PyTorch 2.8 released today as the newest feature update to this widely-used machine learning library that has become a crucial piece for deep learning and other AI usage. There are a few interesting changes worth highlighting with the new PyTorch 2.8 release.
Piquing my interest with PyTorch 2.8 is improved Intel CPU performance. In particular, a focus on high performance quantized large language model (LLM) inference for Intel CPUs using the native PyTorch version. The change outlines the LLM quantization work done by Intel engineers to enhance their x86_64 CPU performance with native PyTorch. A16W8, DA8W8 and A16W4 are among the supported modes. That issue ticket noted:
“With this feature, the performance with PyTorch native stack can reach the same level or even better in some cases as comparing with popular LLM serving frameworks like vLLM when running offline mode on a single x86_64 CPU device, which enables PyTorch users to run LLM quantization with native experience and good performance.”
There have been a lot of Intel CPU commits this cycle such as for FP8 QCONV, FP8 QLINEAR, and using AMX-based micro-kernels in more instances. The AMX micro-kernel improvement can be quite beneficial:
“GEMM templates for INT4 weights are used for lowering `aten._weight_int4pack_mm_for_cpu` with Inductor when max-autotune is on. Currently, AMX-based microkernels are used only when M >= 16 if input tensor has shape [M, K]. However, we find that AMX kernel brings performance benefit when 4 < M < 16. For example, on a 6th gen of Intel(R) Xeon(R) platform, E2E latency can be improved by up to > 20% when running Llama-3.1-8B on 32 cores for M = 8. So, this PR changes the threshold so that AMX is used when M > 4.”

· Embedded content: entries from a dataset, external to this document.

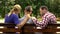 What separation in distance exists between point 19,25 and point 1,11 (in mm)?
A: 16981

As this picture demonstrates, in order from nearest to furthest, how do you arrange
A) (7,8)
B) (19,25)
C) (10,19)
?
(19,25) → (10,19) → (7,8)

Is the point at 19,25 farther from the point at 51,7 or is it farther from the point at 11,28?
the point at 51,7

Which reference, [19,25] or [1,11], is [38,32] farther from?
[1,11]

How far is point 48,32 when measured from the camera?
3.86 m

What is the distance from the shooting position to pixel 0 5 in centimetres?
2123

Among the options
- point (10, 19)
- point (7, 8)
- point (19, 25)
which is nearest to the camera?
point (19, 25)

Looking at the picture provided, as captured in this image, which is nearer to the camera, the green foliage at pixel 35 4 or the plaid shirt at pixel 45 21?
the plaid shirt at pixel 45 21

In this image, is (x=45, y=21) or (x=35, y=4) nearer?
(x=45, y=21)

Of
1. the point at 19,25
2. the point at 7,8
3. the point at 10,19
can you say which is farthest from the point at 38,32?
the point at 7,8

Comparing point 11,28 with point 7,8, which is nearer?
point 11,28

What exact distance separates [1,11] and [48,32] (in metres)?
17.0

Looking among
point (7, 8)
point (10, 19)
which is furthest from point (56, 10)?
point (10, 19)

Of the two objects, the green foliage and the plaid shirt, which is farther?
the green foliage

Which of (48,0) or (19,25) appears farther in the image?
(48,0) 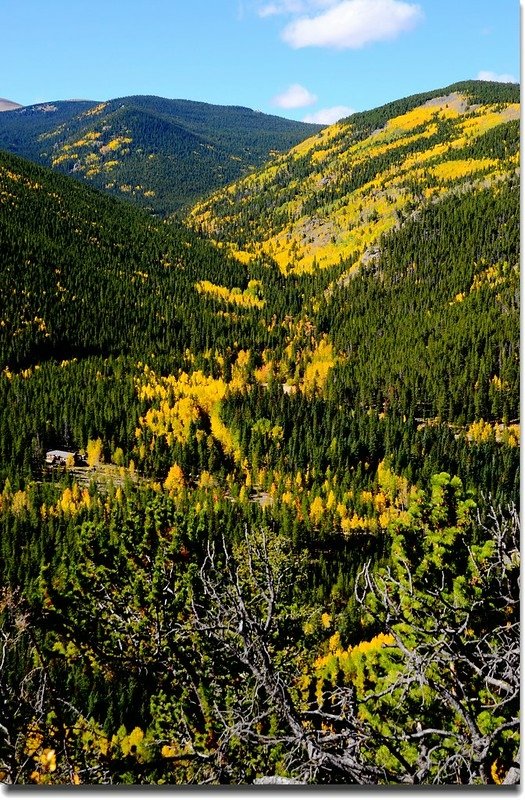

Too bad though that my AvenueCity reference server remains non-operational and thus unable to test the newest PyTorch release (and other Intel open-source improvements in recent months) on the flagship Xeon 6980P Granite Rapids processors… So, unfortunately, no new Xeon 6900P benchmarks at this time on Phoronix.
Also on the Intel side for PyTorch 2.8 is experimental support for the Intel XCCL GPU distributed back-end. XCCL is a distributed back-end for Intel discrete GPUs for various distributed training paradigms.
PyTorch 2.8 also brings SYCL support to the PyTorch CPP Extension API, A16W4 support for XPU devices, experimental wheel variant support, and other enhancements.
Downloads and more details on the PyTorch 2.8 release via the PyTorch.org blog and GitHub.